What the task requires: Write the data out again, character for character, with no images.

Information provided:
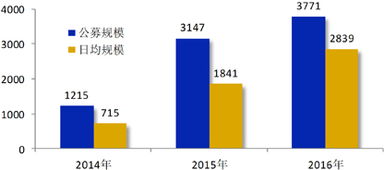 建信基金管理公司 以產品創新驅動跨越發展，用價值投資創造領先回報，引領資管新時代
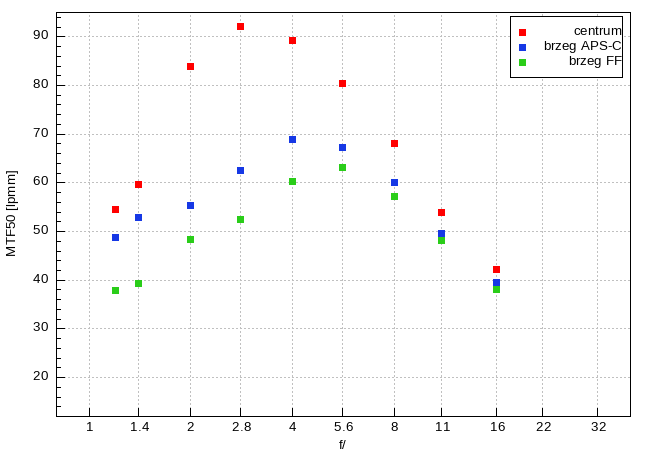 Nikon Nikkor Z 35 mm f/1.2 S - Rozdzielczo�� obrazu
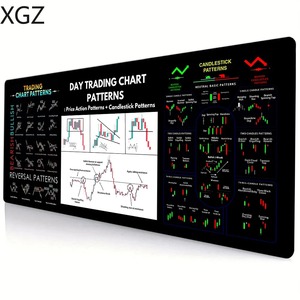 <span class=keywords><strong>Tapis</strong></span> de Souris et Clavier Gaming Grand Format à Motif de Graphiques Boursiers avec Raccourcis Clavier, <span class=keywords><strong>Tapis</strong></span> de <span class=keywords><strong>Bureau</strong></span>, Accessoires de <span class=keywords><strong>Bureau</strong></span> - Product Image 2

Result of the exercise:
 建信基金管理公司 以產品創新驅動跨越發展，用價值投資創造領先回報，引領資管新時代
 Nikon Nikkor Z 35 mm f/1.2 S - Rozdzielczo�� obrazu
 <span class=keywords><strong>Tapis</strong></span> de Souris et Clavier Gaming Grand Format à Motif de Graphiques Boursiers avec Raccourcis Clavier, <span class=keywords><strong>Tapis</strong></span> de <span class=keywords><strong>Bureau</strong></span>, Accessoires de <span class=keywords><strong>Bureau</strong></span> - Product Image 2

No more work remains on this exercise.